Requirement: Reproduce exactly the line containing "Thumbnail: 2017 Honda HR-V - 4" and each line after it until the listing ends, leaving pictures out.

Input data:
◆ ◆ ◆ ◆ ◆
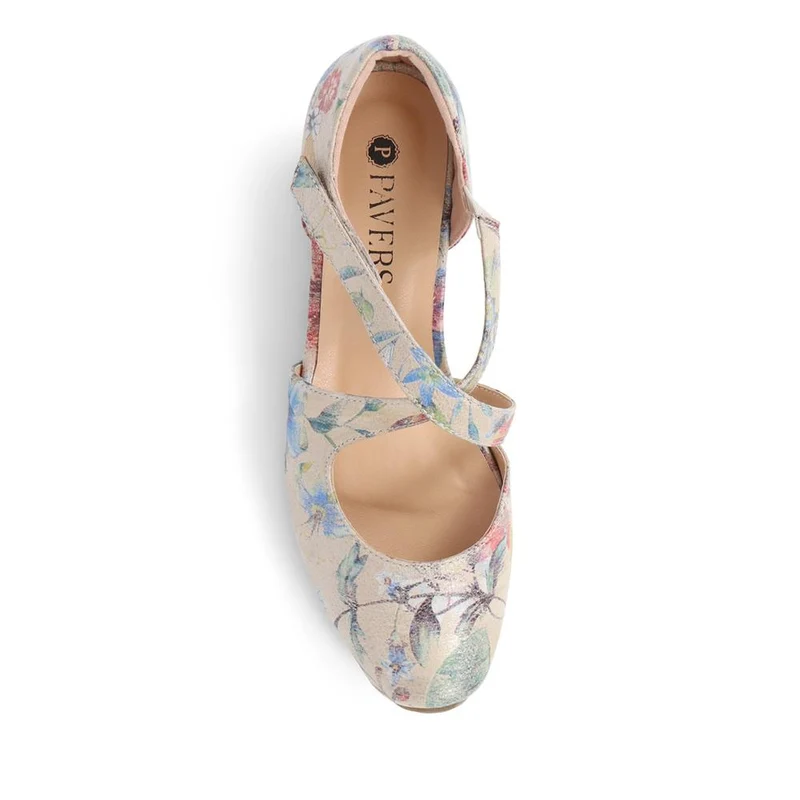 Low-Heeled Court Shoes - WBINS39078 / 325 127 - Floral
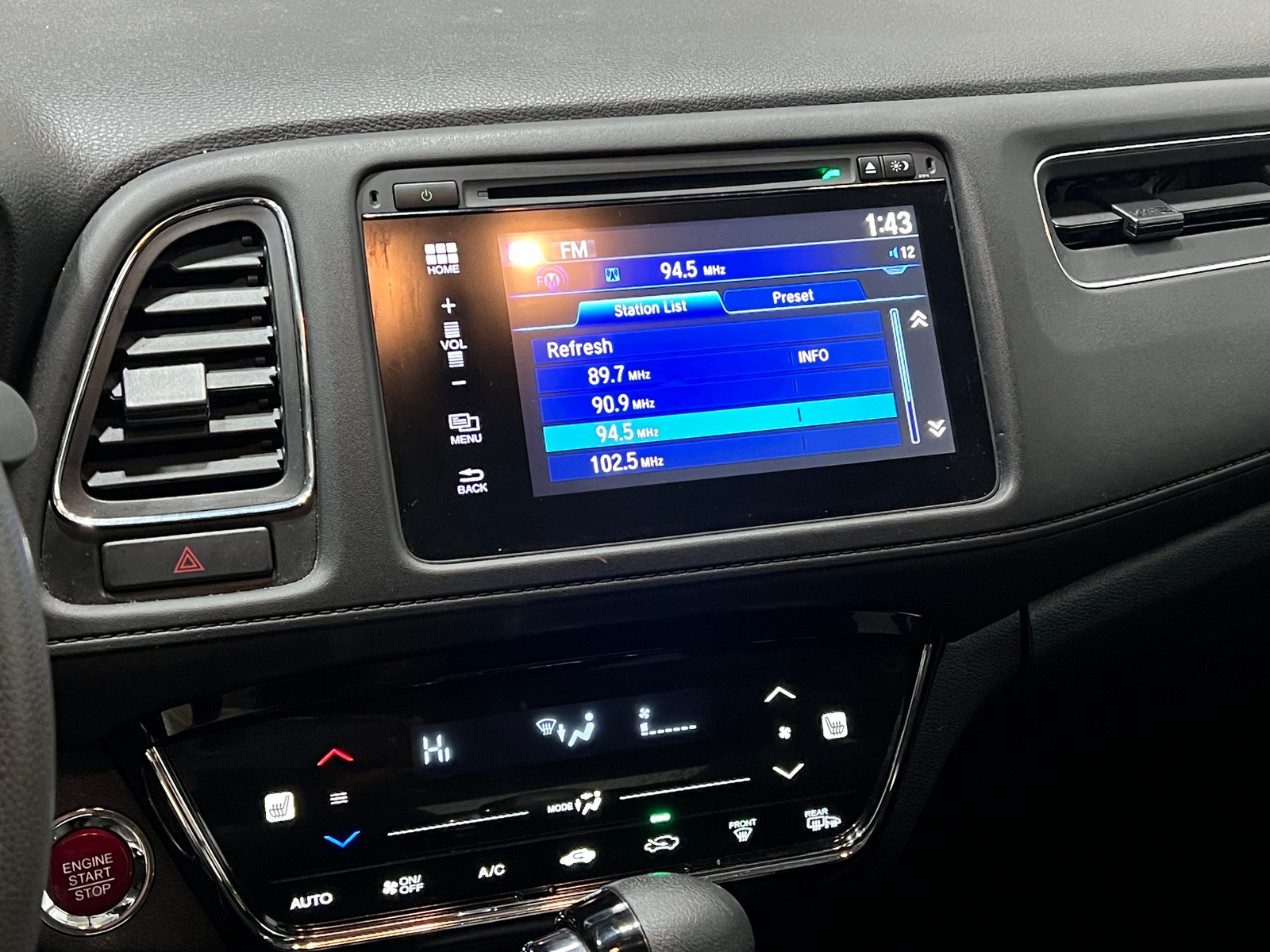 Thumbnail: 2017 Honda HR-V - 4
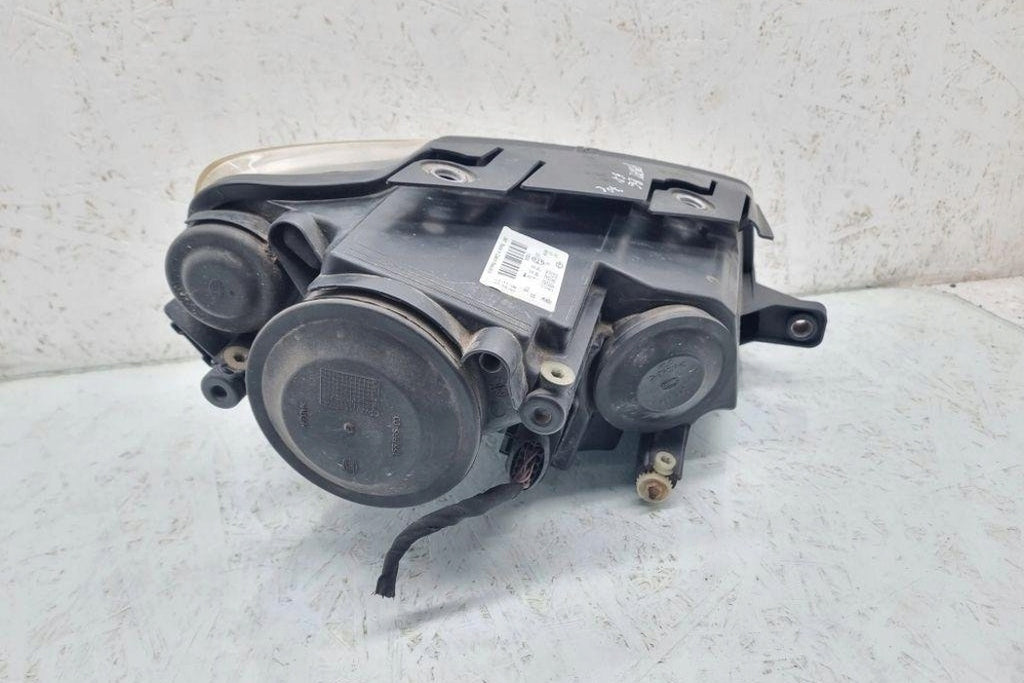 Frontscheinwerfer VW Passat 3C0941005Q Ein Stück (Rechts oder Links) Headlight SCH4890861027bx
◆ ◆ ◆ ◆ ◆
Output for this task:
 Thumbnail: 2017 Honda HR-V - 4
 Frontscheinwerfer VW Passat 3C0941005Q Ein Stück (Rechts oder Links) Headlight SCH4890861027bx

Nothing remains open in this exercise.